Exercise aim: From the data below, copy exactly the lines that lie between the one holding "Romantic Oregon coast anniversary shoot" and the one holding "5XXGT4L34KG323200 2019 KIA OPTIMA - Image 8", including both, and nothing more.

Data shown:
+ + + + + + +
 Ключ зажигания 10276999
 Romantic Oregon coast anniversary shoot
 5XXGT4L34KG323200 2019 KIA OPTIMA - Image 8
+ + + + + + +
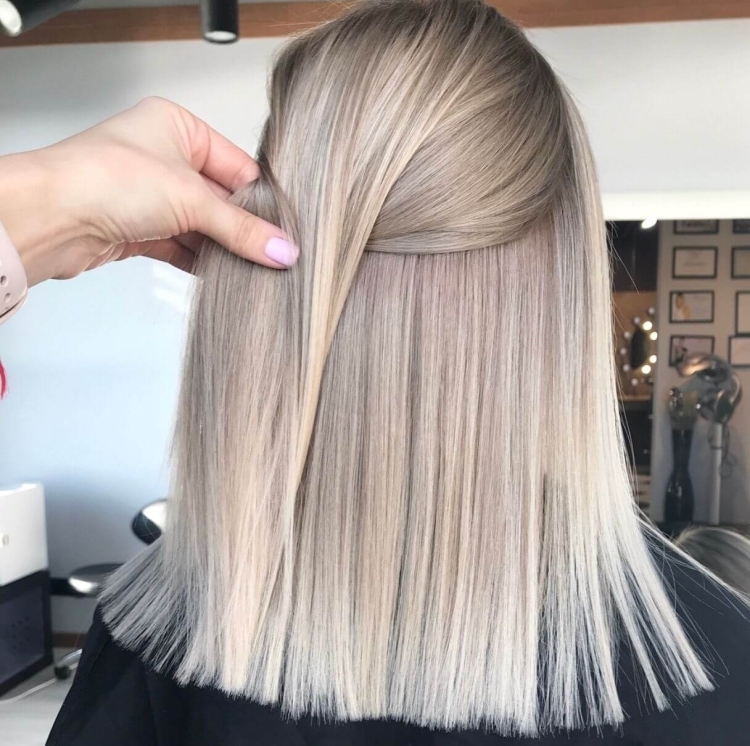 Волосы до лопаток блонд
+ + + + + + +
Answer to the exercise:
 Romantic Oregon coast anniversary shoot
 5XXGT4L34KG323200 2019 KIA OPTIMA - Image 8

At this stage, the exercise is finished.